Input =>
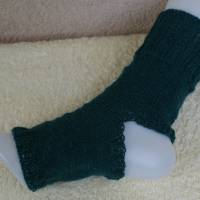 Pilates Yoga Socken ohne Ferse und Spitze, Sockenwolle Grün Bild 2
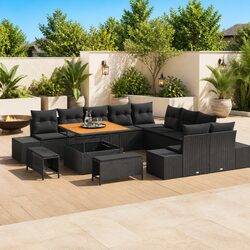 Garden Sofa Set 13 Piece Outdoor Furniture Black Poly Rattan Patio Sectional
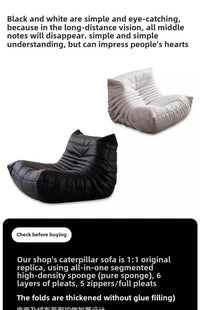 Togo caterpillar sofa balcony leisure bedroom living room reclining sleeping lazy sofa cream wind single recliner - Buy online at  Vibe In Cart.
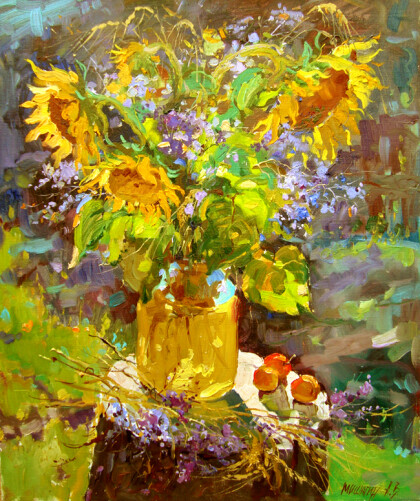 Утро.На пеньке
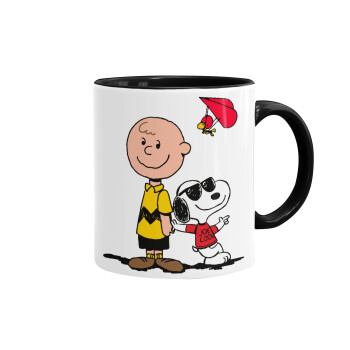 Snoopy & Joe, Κούπα χρωματιστή μαύρη, κεραμική, 330ml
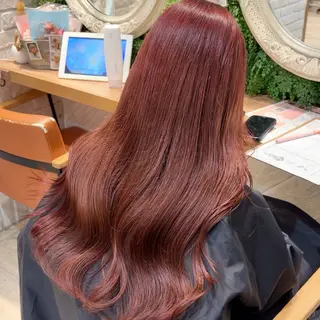 ロング カラー 横浜パーマ🌐ボブ✨ 暖色カラーもえかのヘアスタイル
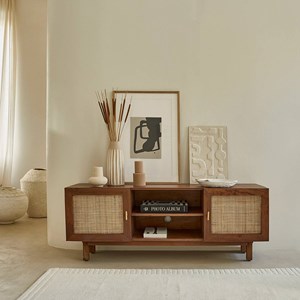Meuble tv manguier finition noyer 140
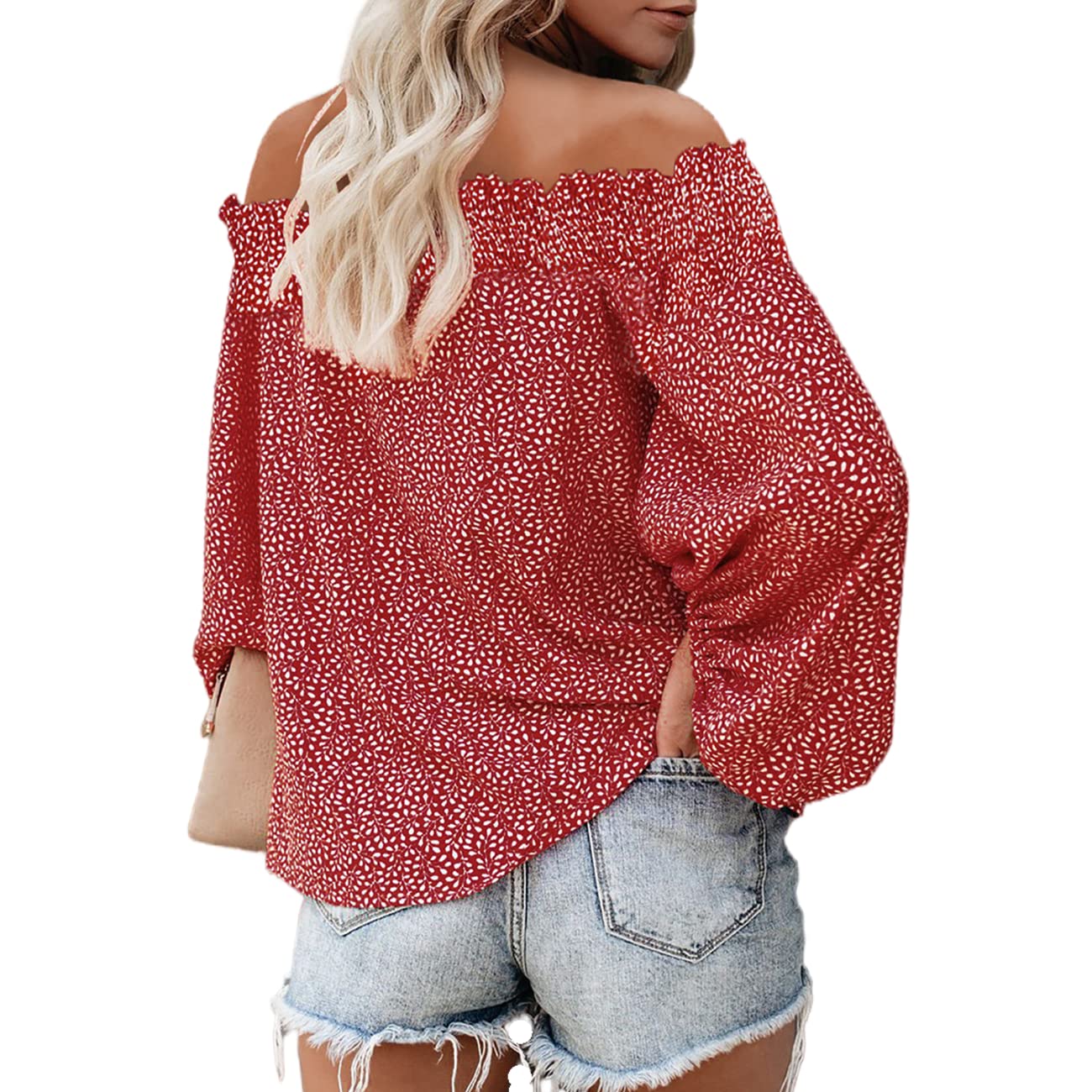 Schulterfreies Oberteil für Damen mit Blumendruck Lange Ärmel sexy Sommerhemden schulterfreie Oberteile für Damen schulterfreie Blusen T-Shirts V-Ausschnitt Hemdbluse Schulterfreies Chiffonhemd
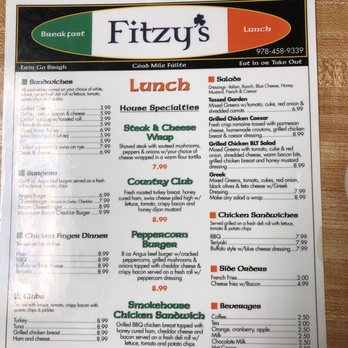 Fitzy's - Back menu - Breakfast & Brunch Near Me - Lowell, Massachusetts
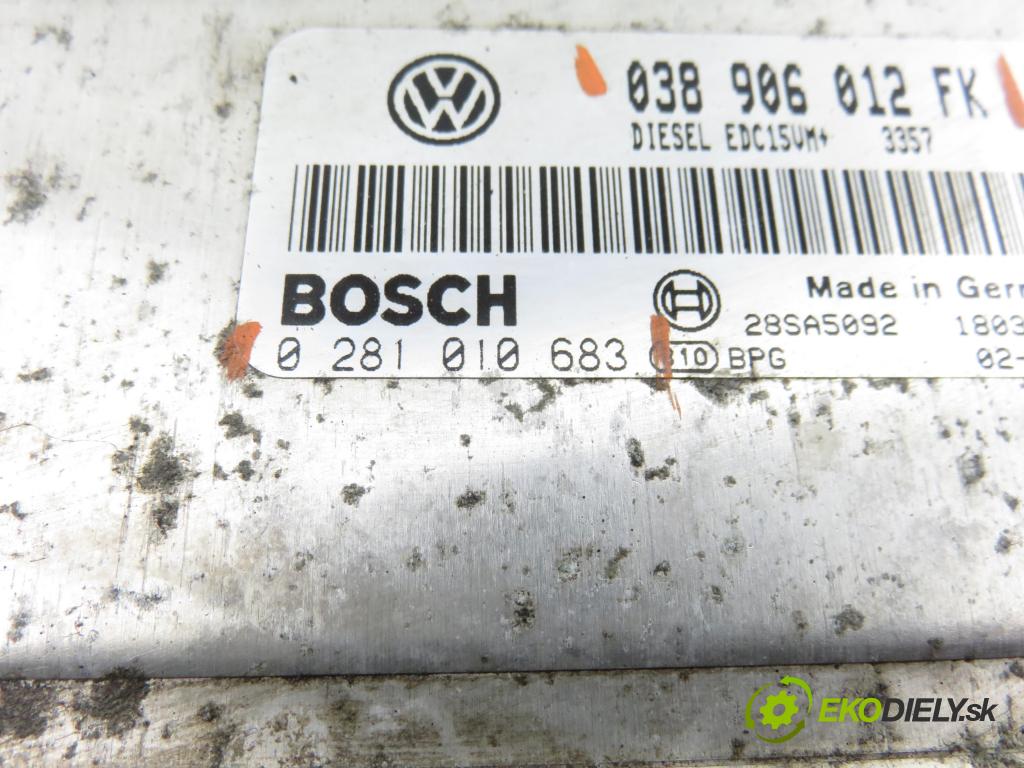 SEAT TOLEDO II (1M2) SEDAN 2003 81,00 1.9 TDI - ASV 1896,00 Riadiaca jednotka Motor 038906012FK ; 0281010683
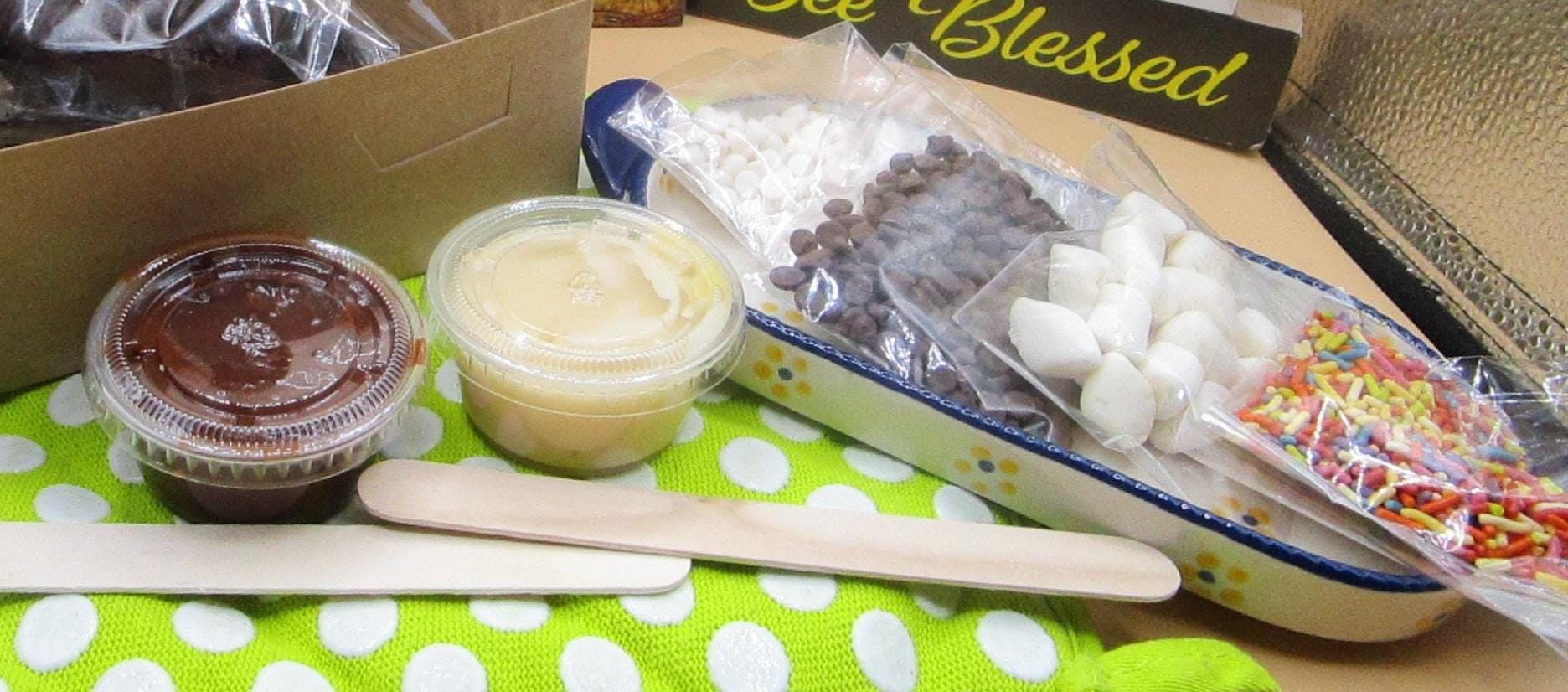 Gluten Free Smores Brownie Decorating Kit, Dairy Free, Vegan, Nut Free, Marshmallow Chocolate, Camp Activity, Kids Baking, July 4th crafts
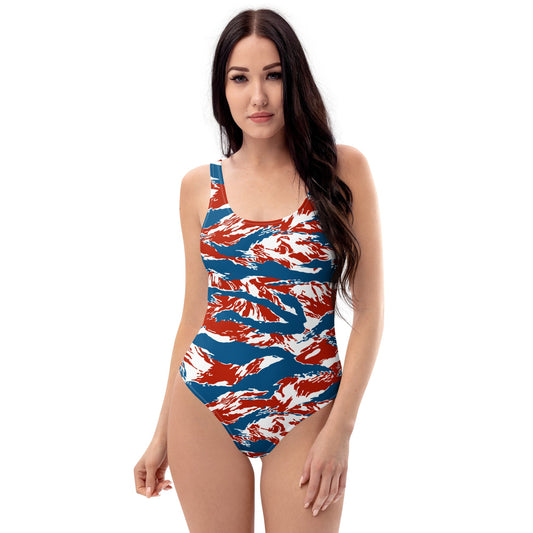 American Patriot Tiger Stripe CAMO Womens One-Piece Swimsuit - XS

What to produce => Pictures are not part of the copy; transcribe the rest of the data verbatim.

Answer to the exercise =>
 Pilates Yoga Socken ohne Ferse und Spitze, Sockenwolle Grün Bild 2
 Garden Sofa Set 13 Piece Outdoor Furniture Black Poly Rattan Patio Sectional
 Togo caterpillar sofa balcony leisure bedroom living room reclining sleeping lazy sofa cream wind single recliner - Buy online at  Vibe In Cart.
 Утро.На пеньке
 Snoopy & Joe, Κούπα χρωματιστή μαύρη, κεραμική, 330ml
 ロング カラー 横浜パーマ🌐ボブ✨ 暖色カラーもえかのヘアスタイル
Meuble tv manguier finition noyer 140
 Schulterfreies Oberteil für Damen mit Blumendruck Lange Ärmel sexy Sommerhemden schulterfreie Oberteile für Damen schulterfreie Blusen T-Shirts V-Ausschnitt Hemdbluse Schulterfreies Chiffonhemd
 Fitzy's - Back menu - Breakfast & Brunch Near Me - Lowell, Massachusetts
 SEAT TOLEDO II (1M2) SEDAN 2003 81,00 1.9 TDI - ASV 1896,00 Riadiaca jednotka Motor 038906012FK ; 0281010683
 Gluten Free Smores Brownie Decorating Kit, Dairy Free, Vegan, Nut Free, Marshmallow Chocolate, Camp Activity, Kids Baking, July 4th crafts
 American Patriot Tiger Stripe CAMO Womens One-Piece Swimsuit - XS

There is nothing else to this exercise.